On Fri, 17 Aug 2007, Paul Mackerras wrote:
>
> Volatile doesn't mean it can't be reordered; volatile means the
> accesses can't be eliminated.

It also does limit re-ordering. 

Of course, since *normal* accesses aren't necessarily limited wrt 
re-ordering, the question then becomes one of "with regard to *what* does 
it limit re-ordering?".

A C compiler that re-orders two different volatile accesses that have a 
sequence point in between them is pretty clearly a buggy compiler. So at a 
minimum, it limits re-ordering wrt other volatiles (assuming sequence 
points exists). It also means that the compiler cannot move it 
speculatively across conditionals, but other than that it's starting to 
get fuzzy.

In general, I'd *much* rather we used barriers. Anything that "depends" on 
volatile is pretty much set up to be buggy. But I'm certainly also willing 
to have that volatile inside "atomic_read/atomic_set()" if it avoids code 
that would otherwise break - ie if it hides a bug.

		Linus

^ permalink raw reply

* Re: [PATCH 0/24] make atomic_read() behave consistently across all architectures
From: Paul Mackerras @ 2007-08-17  2:16 UTC (permalink / raw)
  To: Christoph Lameter
  Cc: Chris Snook, Ilpo Järvinen, Herbert Xu, Satyam Sharma,
	Paul E. McKenney, Stefan Richter, Linux Kernel Mailing List,
	linux-arch, Linus Torvalds, Netdev, Andrew Morton, ak,
	heiko.carstens, David Miller, schwidefsky, wensong, horms, wjiang,
	cfriesen, zlynx, rpjday, jesper.juhl, segher
In-Reply-To: <Pine.LNX.4.64.0708161319000.17777@schroedinger.engr.sgi.com>

Christoph Lameter writes:

> No it does not have any volatile semantics. atomic_dec() can be reordered 
> at will by the compiler within the current basic unit if you do not add a 
> barrier.

Volatile doesn't mean it can't be reordered; volatile means the
accesses can't be eliminated.

Paul.

^ permalink raw reply

* Re: [PATCH 0/24] make atomic_read() behave consistently across all architectures
From: Nick Piggin @ 2007-08-17  2:31 UTC (permalink / raw)
  To: Chris Snook
  Cc: Herbert Xu, Stefan Richter, Paul Mackerras, Satyam Sharma,
	Christoph Lameter, Paul E. McKenney, Linux Kernel Mailing List,
	linux-arch, Linus Torvalds, netdev, Andrew Morton, ak,
	heiko.carstens, davem, schwidefsky, wensong, horms, wjiang,
	cfriesen, zlynx, rpjday, jesper.juhl, segher
In-Reply-To: <46C50228.4000004@redhat.com>

Chris Snook wrote:
> Herbert Xu wrote:
> 
>> On Thu, Aug 16, 2007 at 03:48:54PM -0400, Chris Snook wrote:
>>
>>>> Can you find an actual atomic_read code snippet there that is
>>>> broken without the volatile modifier?
>>>
>>> A whole bunch of atomic_read uses will be broken without the volatile 
>>> modifier once we start removing barriers that aren't needed if 
>>> volatile behavior is guaranteed.
>>
>>
>> Could you please cite the file/function names so we can
>> see whether removing the barrier makes sense?
>>
>> Thanks,
> 
> 
> At a glance, several architectures' implementations of 
> smp_call_function() have one or more legitimate atomic_read() busy-waits 
> that shouldn't be using CPU-relax.  Some of them do work in the loop.

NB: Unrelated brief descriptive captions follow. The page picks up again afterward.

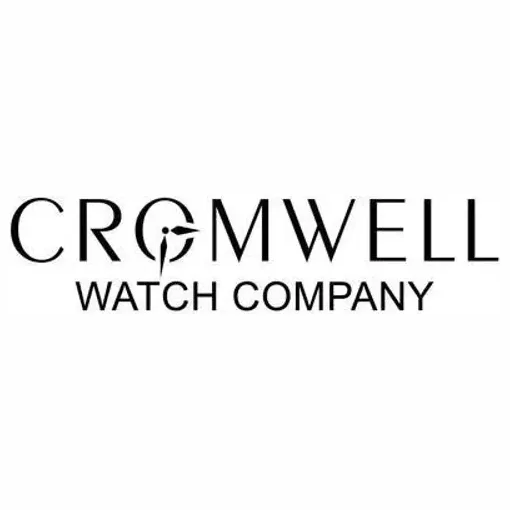 Cromwell Watch brand logo for cromwellwatch.com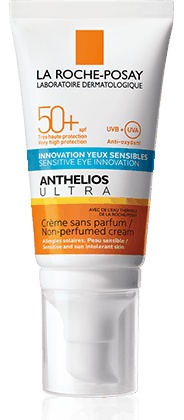 La Roche-Posay Anthelios Ultra Non-Perfumed Cream Spf50+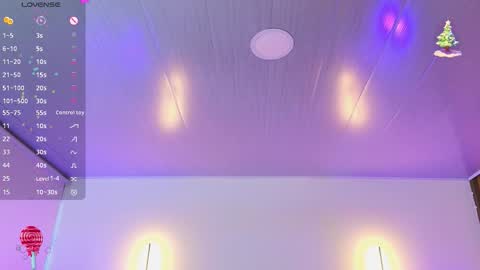  Juliana   Gaby   Kloe online show from 11.12.25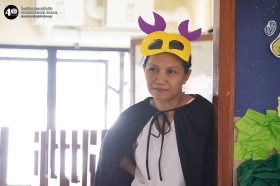 ป.๖ กิจกรรม WSC Animal Fashion Week (พฤ. ๒๒ ม.ค. ๖๙) Image 4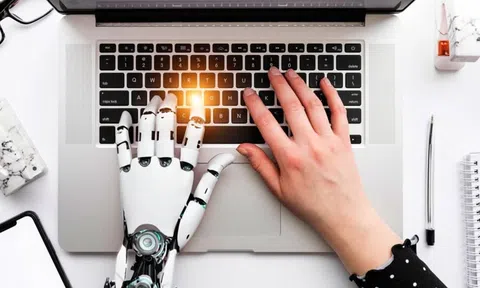 AI có đang thay đổi cách xin việc làm của người lao động? - Góc nhìn từ HRCV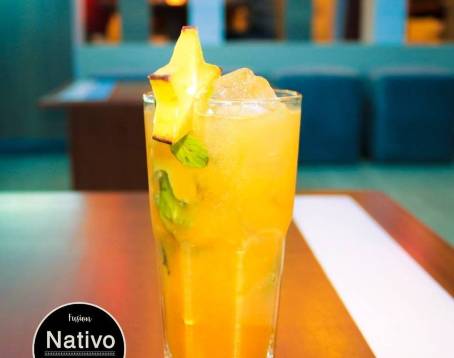 Nativo Resto Bar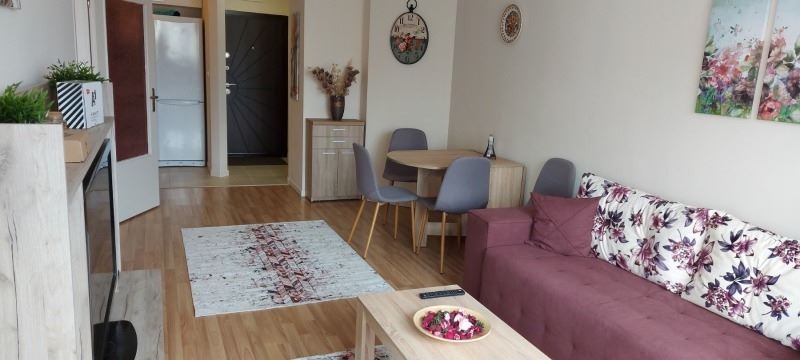 Дава под наем 2-СТАЕН, гр. София, Студентски град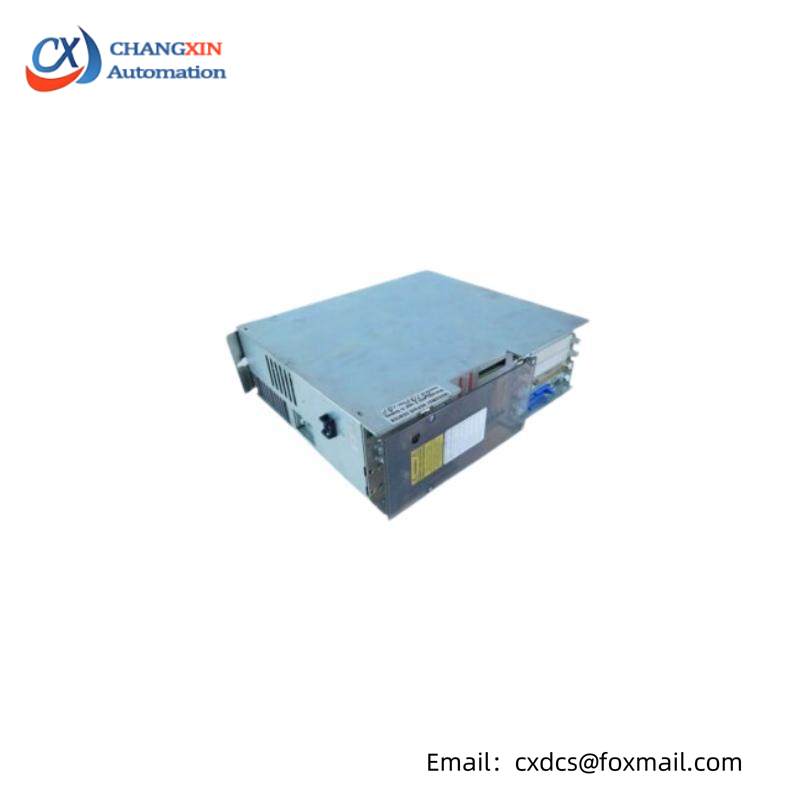BOSCH DDS02.1-W200-DL01-01-FW digital output module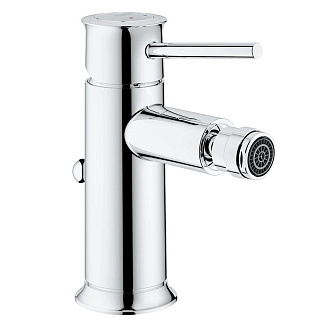 Смеситель для биде BauClassic цвет хром GROHE 32864000 купить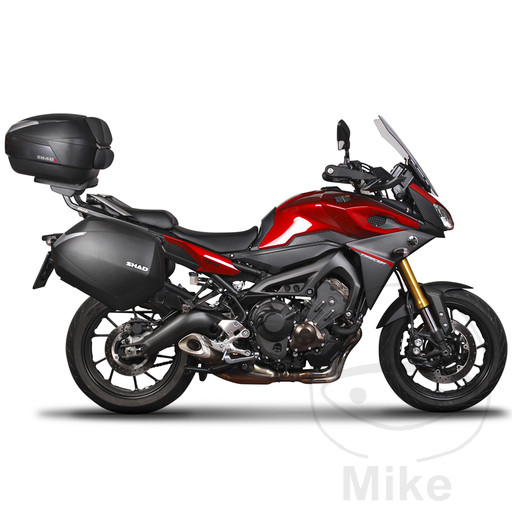 Shad držák bočních kufrů Shad pro 3P System YAMAHA TRACER 900 850 A MT09TRA ABS 15-17
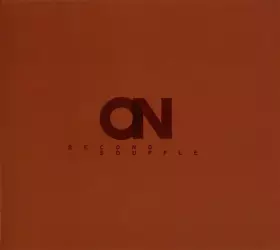 Couverture du produit · Second Souffle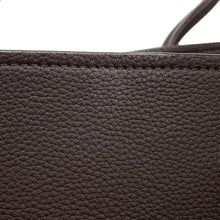 Load image into Gallery viewer, The Row Margaux 17 Brown Leather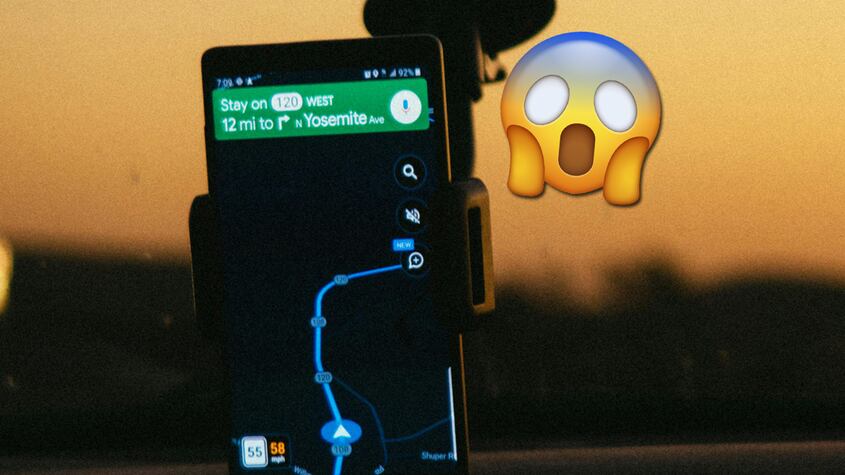 5 claves ocultas de Google Maps que vale la pena aprender
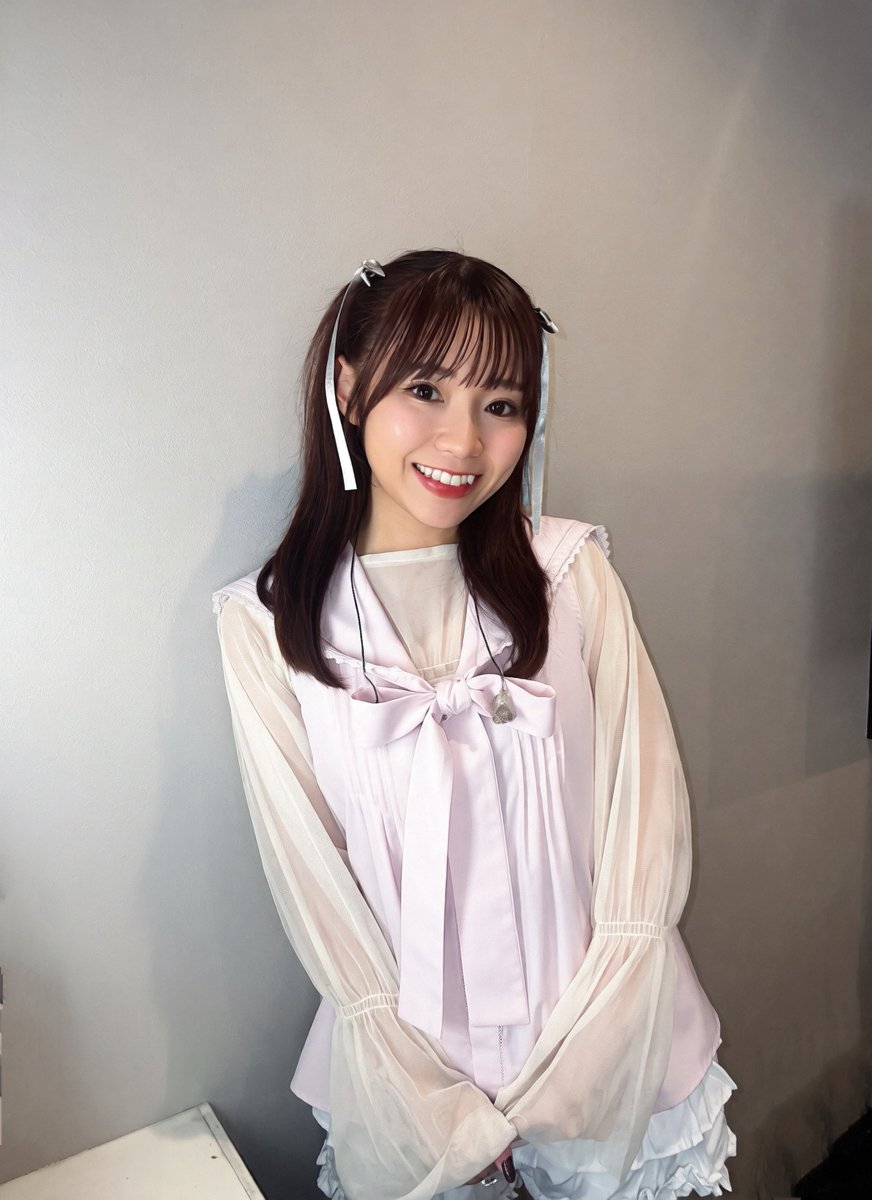 _YURiKA29_'s tweet photo. #KSL2026 
大切で特別な時を本当にありがとうございました！

#サマポケ より「青き此方」「夜奏花」を歌わせていただきました。
アニメを経て、愛情と覚悟が更に増しました。これからも作品と共に届けていきたいです。
またお会いできますように！ああ楽しかった！！ https://t.co/45QhNVO0k8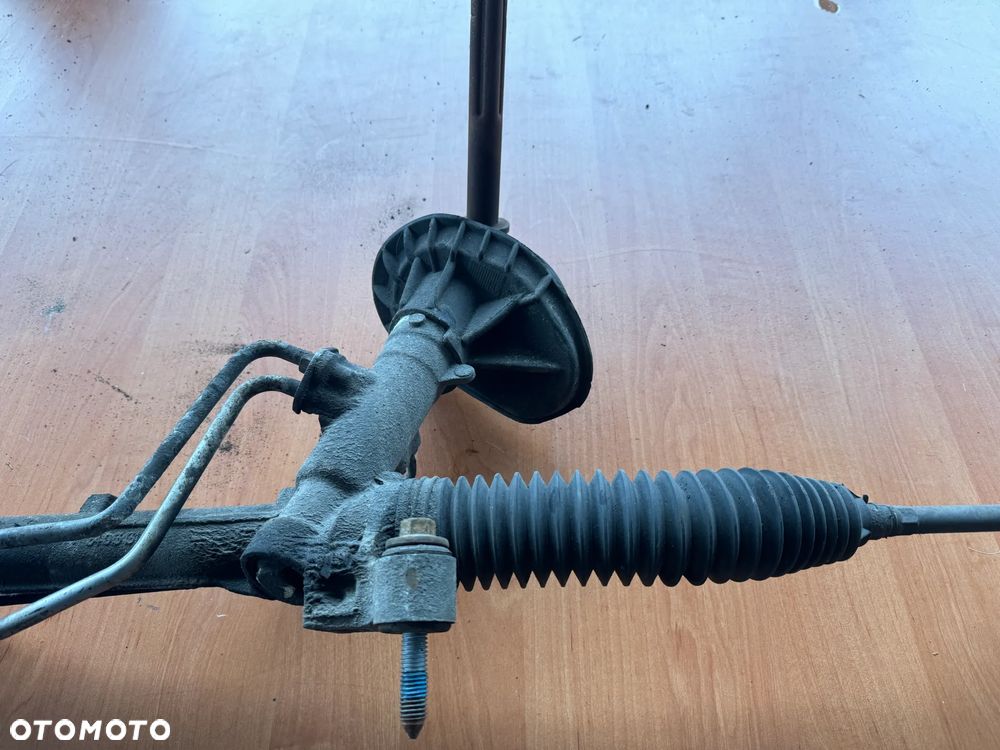 Maglownica przekładnia kierownicza Volvo V50 S40 31202594 Europa - 4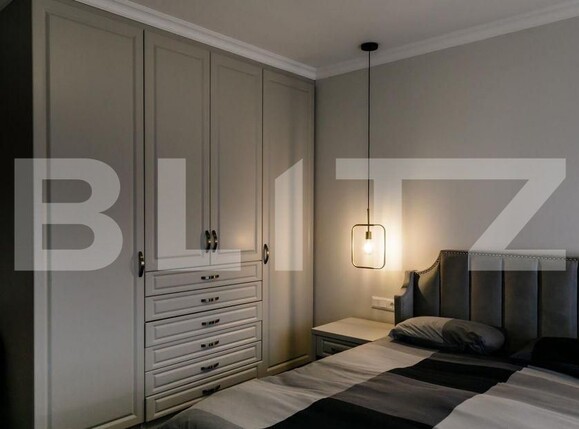 Apartament de închiriat 2 camere Andrei Mureşanu - 188413AI | BLITZ Cluj-Napoca | Poza2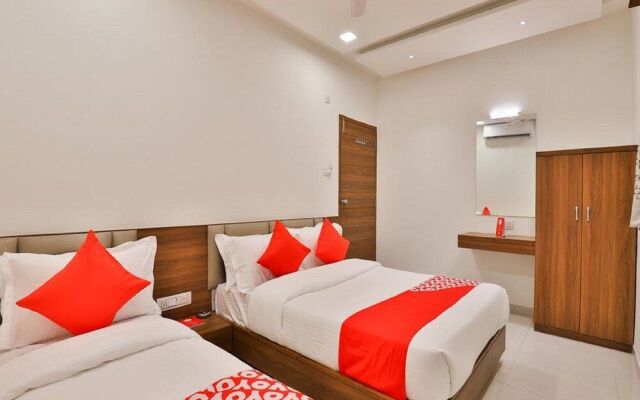 Hotel S G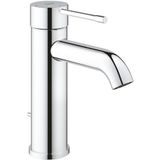 Grohe 24180001 Krom Essence Tek Kumandalı Lavabo Bataryası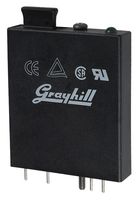 GRAYHILL INC 70G-OAC5A-L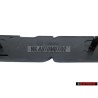 VW Original GOLF GT Trasero Rotulo Insignia Emblema - 191853687H GX2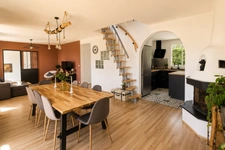 Maison à vendre 5 pièces VILLAUDRIC (31)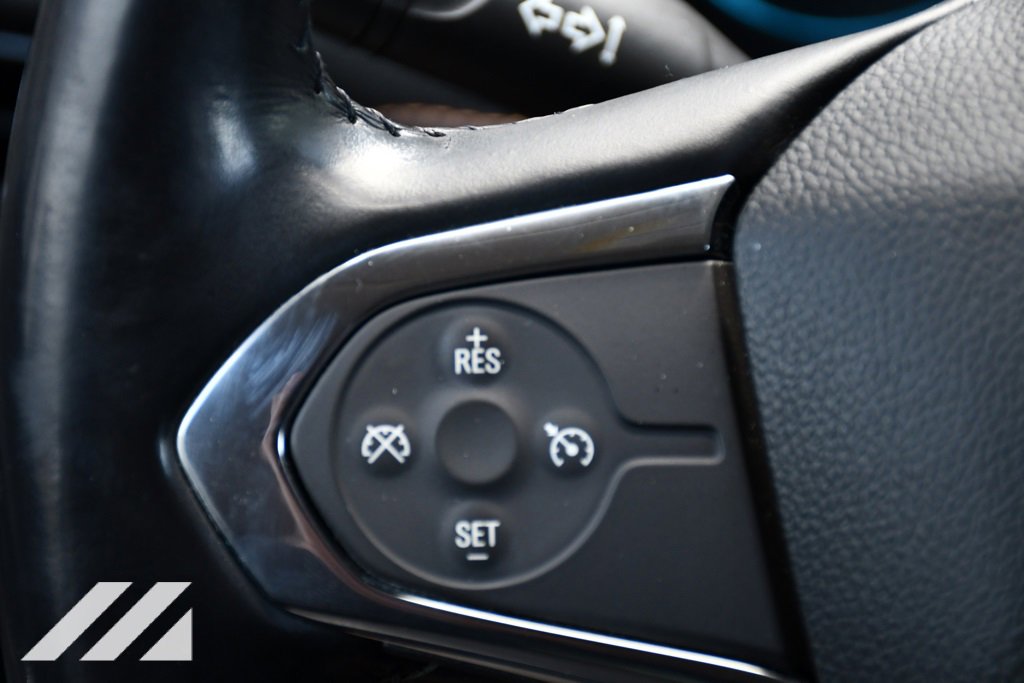 2019 Chevrolet Traverse Leather photo 16
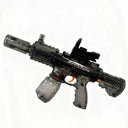 Electric Water Gun with Sound Effects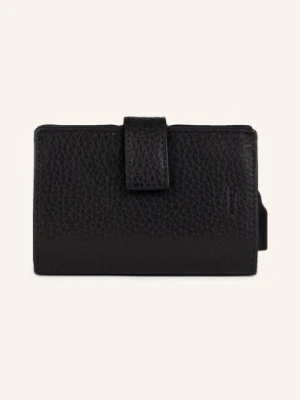 Joop! Etui Na Karty Cardona Z Kieszenią Na Monety schwarz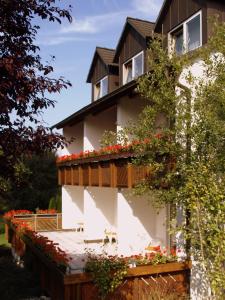 Gallery image of TIPTOP Hotel Hirt in Deißlingen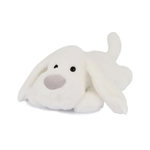 Histoire D'Ours Chien blanc - les allongés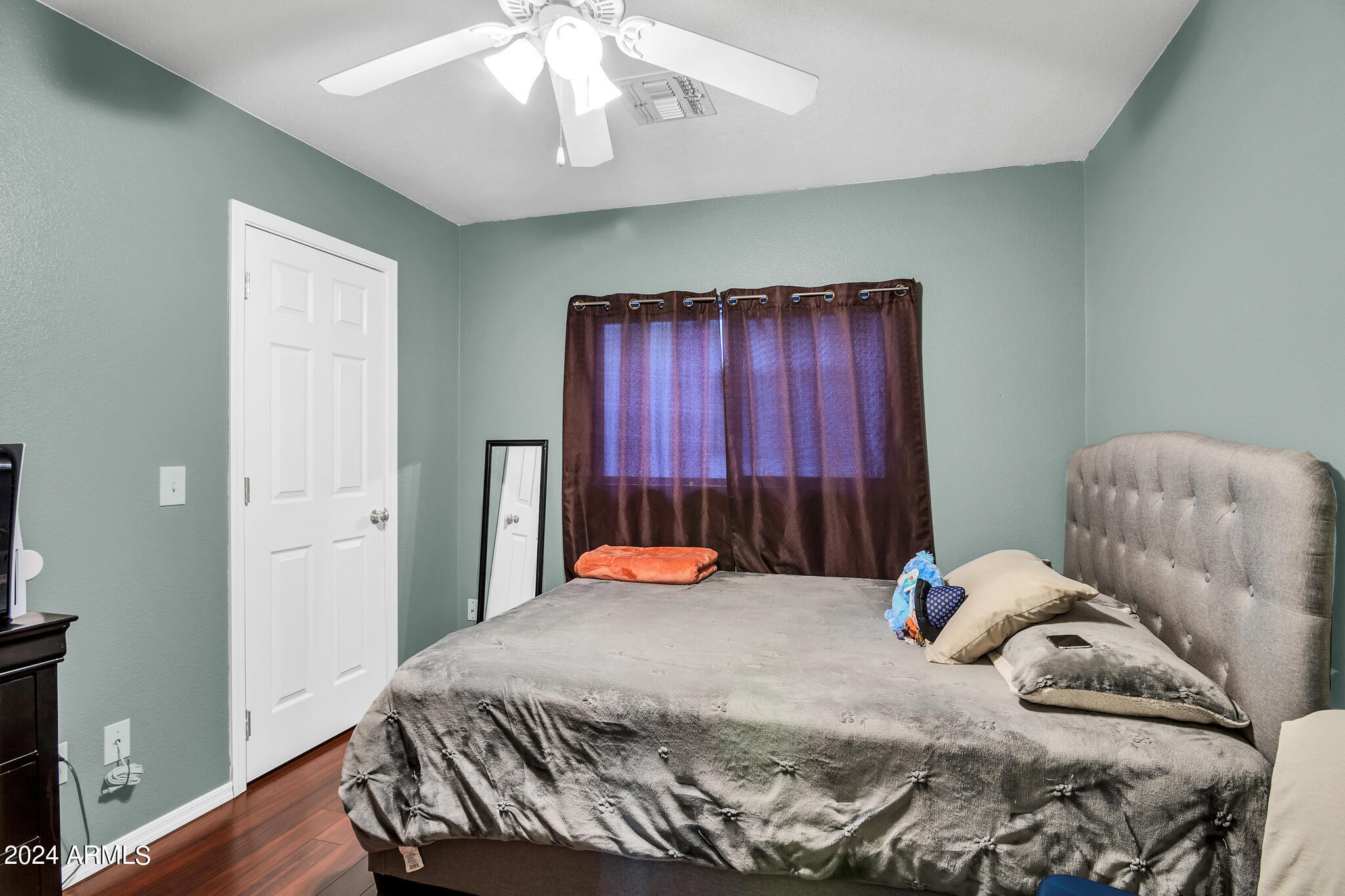 11529 W BLOOMFIELD Road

sh looks like the only one there that would be broken (and that's only
because they don't have a cpu_relax there, but it should be added anyway).
Sure, if we removed volatile from other architectures, it would be wise
to audit arch code because arch maintainers do sometimes make assumptions
about their implementation details... however we can assume most generic
code is safe without volatile.

-- 
SUSE Labs, Novell Inc.

^ permalink raw reply

* Re: [PATCH 0/24] make atomic_read() behave consistently across all architectures
From: Nick Piggin @ 2007-08-17  2:19 UTC (permalink / raw)
  To: Segher Boessenkool
  Cc: heiko.carstens, horms, linux-kernel, rpjday, ak, netdev, cfriesen,
	akpm, torvalds, jesper.juhl, linux-arch, zlynx, satyam, clameter,
	schwidefsky, Chris Snook, Herbert Xu, davem, wensong, wjiang
In-Reply-To: <194369f4c96ea0e24decf8f9197d5bad@kernel.crashing.org>

Segher Boessenkool wrote:
>>>>> Part of the motivation here is to fix heisenbugs.  If I knew where 
>>>>> they
>>>>
>>>>
>>>>
>>>> By the same token we should probably disable optimisations
>>>> altogether since that too can create heisenbugs.
>>>
>>> Almost everything is a tradeoff; and so is this.  I don't
>>> believe most people would find disabling all compiler
>>> optimisations an acceptable price to pay for some peace
>>> of mind.
>>
>>
>> So why is this a good tradeoff?
> 
> 
> It certainly is better than disabling all compiler optimisations!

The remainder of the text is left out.